In current advertising, the associations are more subtle. For example, many ads feature automobiles that will never in real life leave a paved road "roughing" it through forests or deserts, avoiding natural obstacles and endowing the driver with the "freedom of the wilderness." The irony of these images is that the car or SUV, which often is given an animal name, is actually the embodiment of culture that provides the driver with protection against the storm. This is why Marshall McLuhan could refer to the automobile and driver as a knight in shining armor:
"The car gave to the democratic cavalier his horse and armor and haughty insolence in one package, transmogrifying the knight into a misguided missile." (4)
"Transcendental" deduction operates at another step removed from reality. The characteristic attributed to an animal or an object is removed from any grounding in empirical observation, and is determined by its relative position in the culture's symbolic structure as a whole. Lévi-Strauss states that:
"It does not necessarily rest on a true or false, a direct or indirect empirical base; rather, it stems from the awareness of a certain logical necessity, that of attributing certain properties to a given being because empirical deduction has previously connected this being with others on the basis of a set of correlative properties." (5)
Lévi-Strauss has borrowed the notion of redundancy from communication theory to explain the rationale behind this procedure. Imagine that you are the story teller of a culture that relies on oral communication for the transmission of its body of knowledge. Let us assume for the sake of argument that you are fully aware of the hidden structural associations that your stories are portraying. How would you insure that the information contained in those tales would survive the erosion of time and the individual idiosyncrasies of future story tellers? One way would be to take the basic message or messages and repeat them over and over again using different formats and imagery. Though the stories would seem to be about different heroes, animals, events, and so on, the underlying struc­ture would be more or less the same throughout. Furthermore, future story tellers would internalize these structures so that they would tend to reject any alterations which went against the general pattern.

That's why, in our secondary orality culture, ads want to insinuate themselves into every aspect of our lives: Not just as an accepted part of television and radio and magazines but also in movies and broadway theaters, in our schools and workplaces. Can our places of worship be far behind?

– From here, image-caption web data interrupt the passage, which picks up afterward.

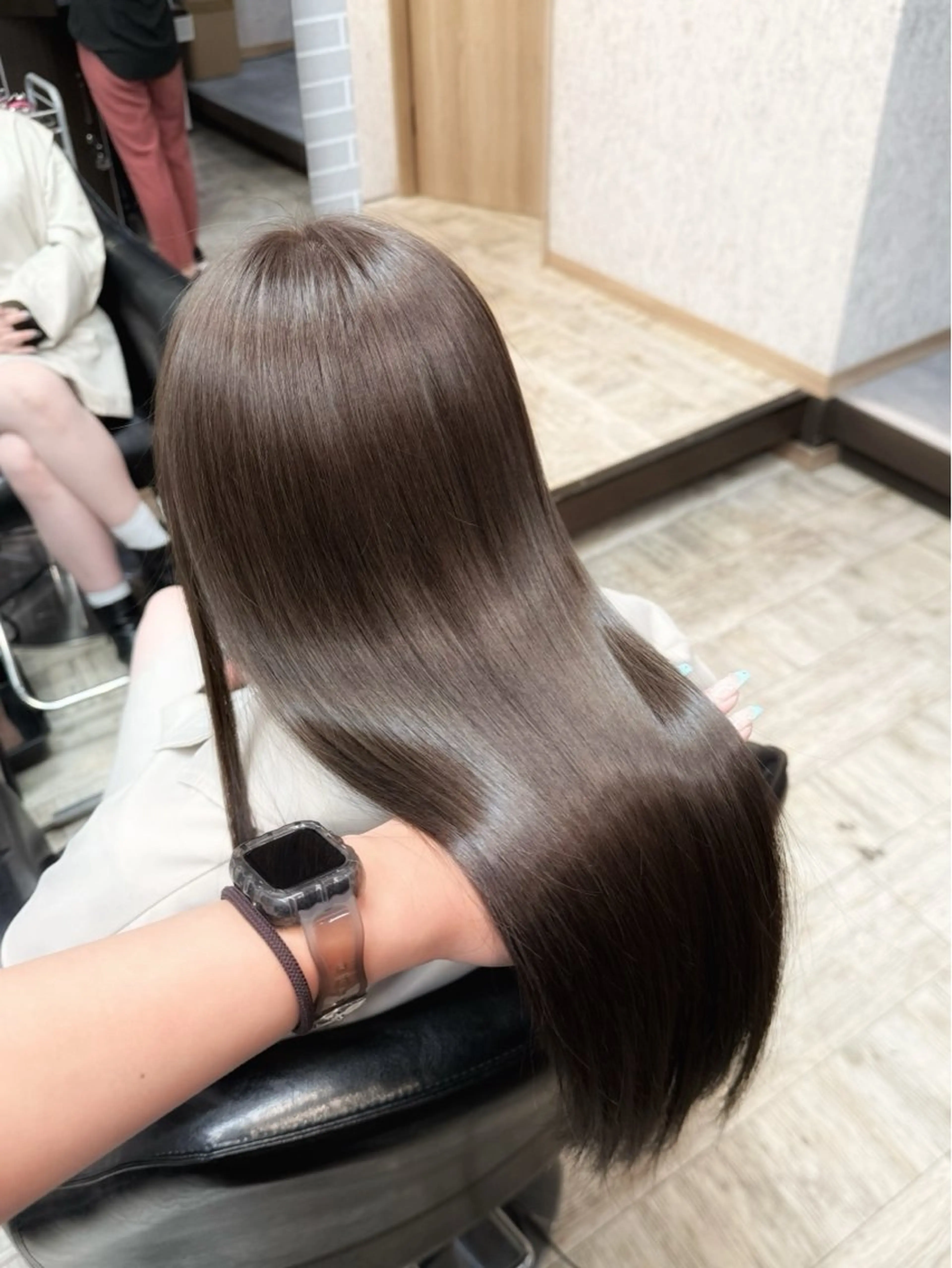 【韓国美人ヘアになりたい方❣️】🫧カット➕カラー➕髪質改善トリートメント🫧の写真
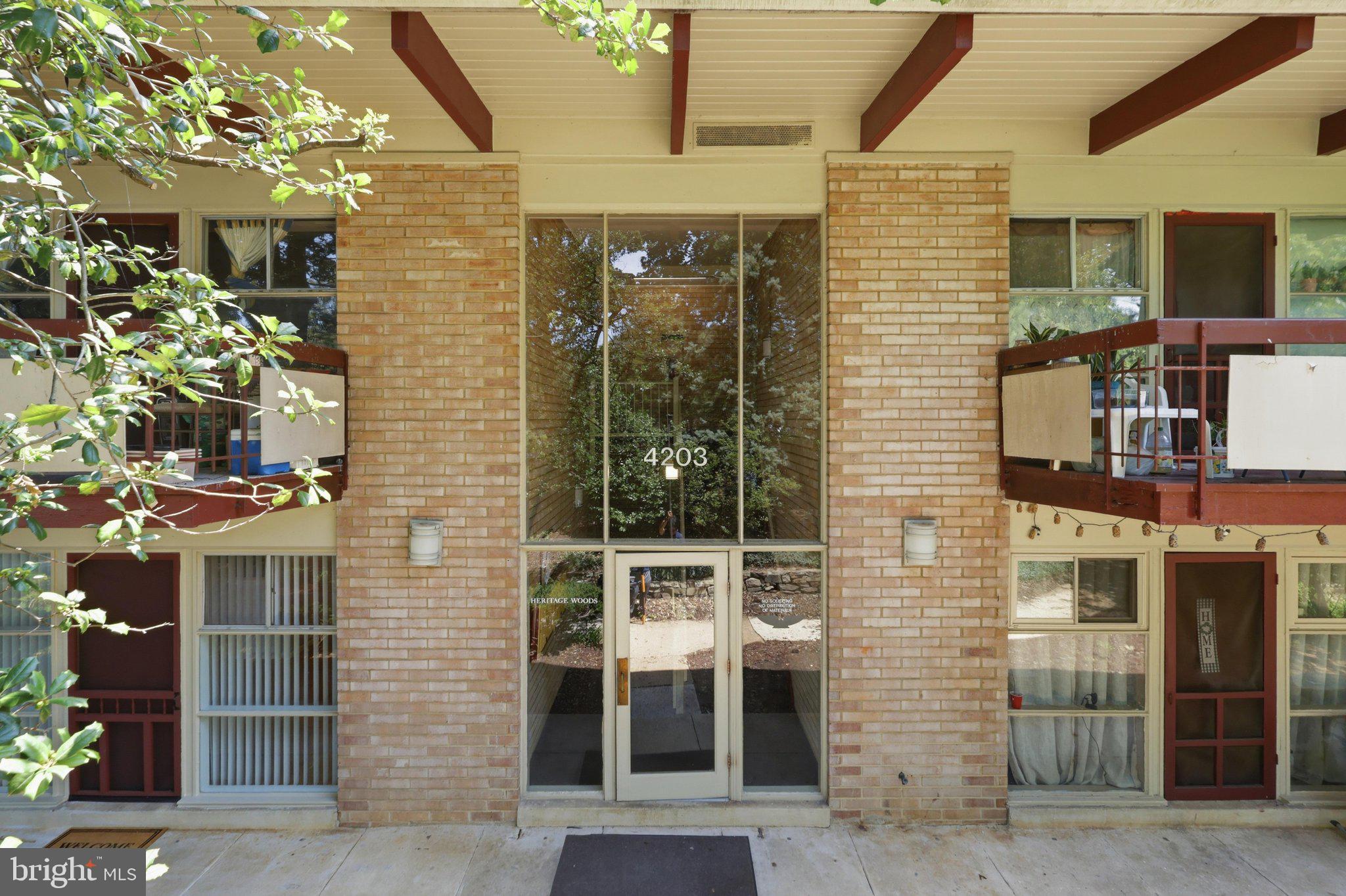 HERITAGE WOODS - Residential
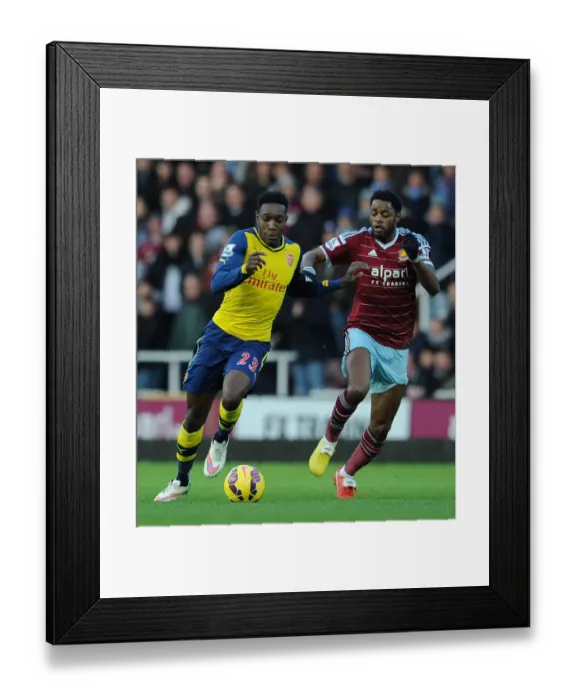 Framed Print : Battle of the Midfield: Welbeck vs. Song - Arsenal vs. West Ham (December 2014)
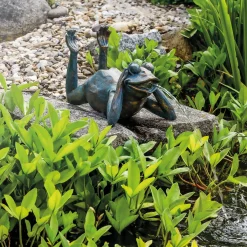 Wasserspeier-Figur liegender Frosch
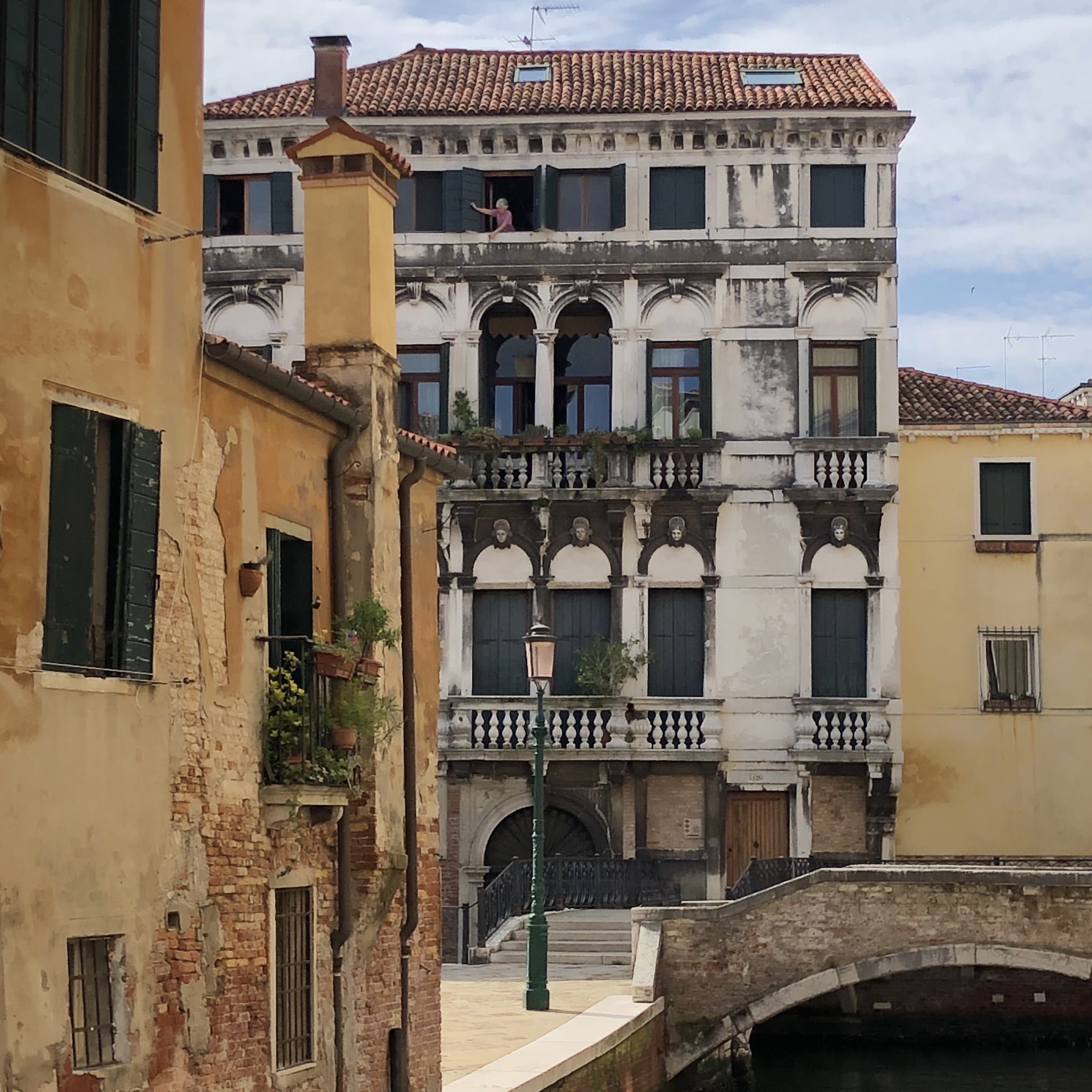 Building in Venice with a lovely outside porch.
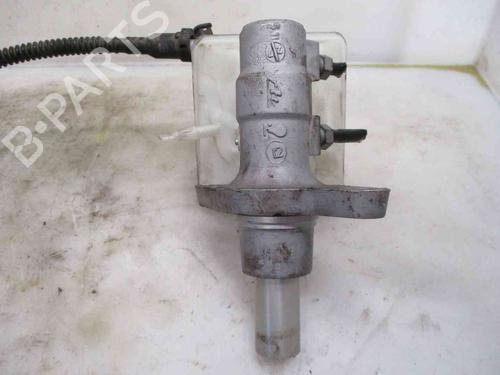 Brake master cylinder PEUGEOT 5008 (0U_, 0E_) 1.6 HDi | BP21819263M77 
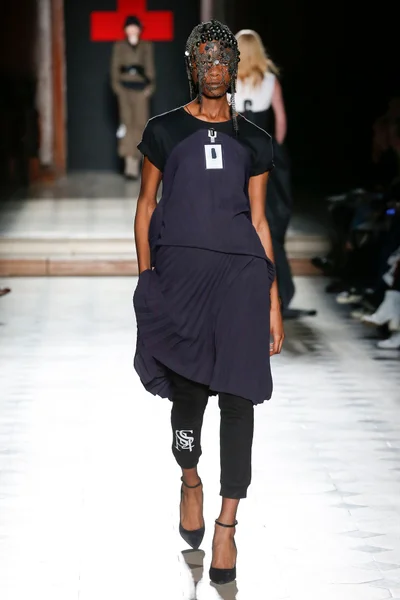 Look 31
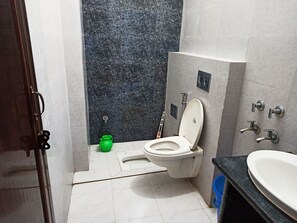 Basic Double Room | Bathroom - Hotel Al Haram (New Delhi)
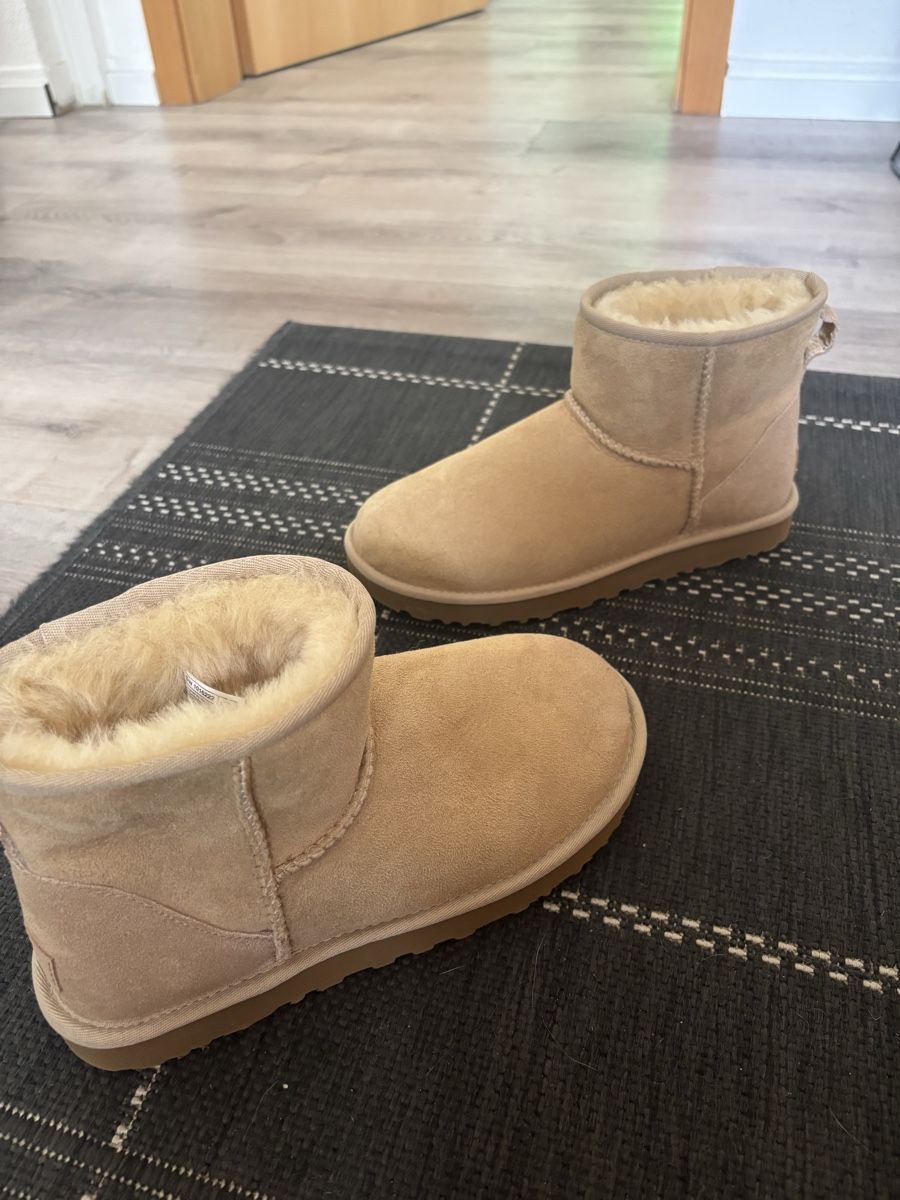 Ugg Scarpe da donna: Bottes UGG Classic Mini neuves taille 39 beige – Nuovo (secondo la descrizione) da Chapelle (Glâne) venduto da cel_72mh 1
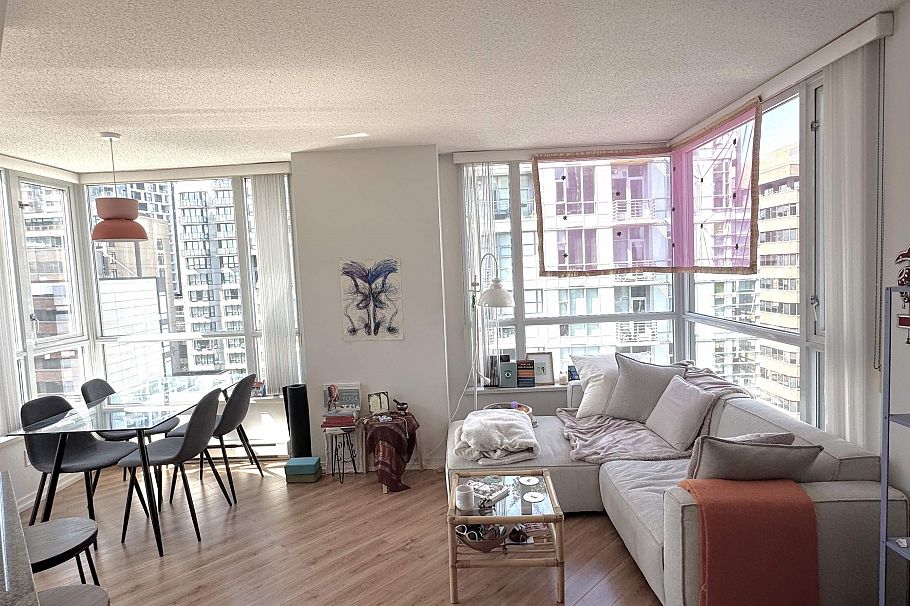 1504 1212 Howe Street Vancouver, BC - 2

The type of thought manifest in television advertising represents the symbolic realization of the lesson of the medium itself. A medium of images and sounds, TV's biases toward the non-discursive are represented and reinforced in the narratives of advertising.

(1)McLuhan, M. (2005). "Notes on the Media as Art Forms" in Marshall McLuhan - Unbound, E. McLuhan and W. Terrence Gordon, eds. (Corte Madera, CA: Gingko Press), pp 8-9.

(2) Levi-Strauss, C. (1971). “The Deduction of the Crane,” in Structural Analysis of Oral Tradition, Maranda, P. and Maranda E.K., Eds. (p. 3). Philadelphia: University of Pennsylvania Press.

(3) Ibid. (p. 3)

(4) McLuhan, M. (1994). Understanding Media: The Extension of Man (p. 17). Cambridge, MA: The MIT Press.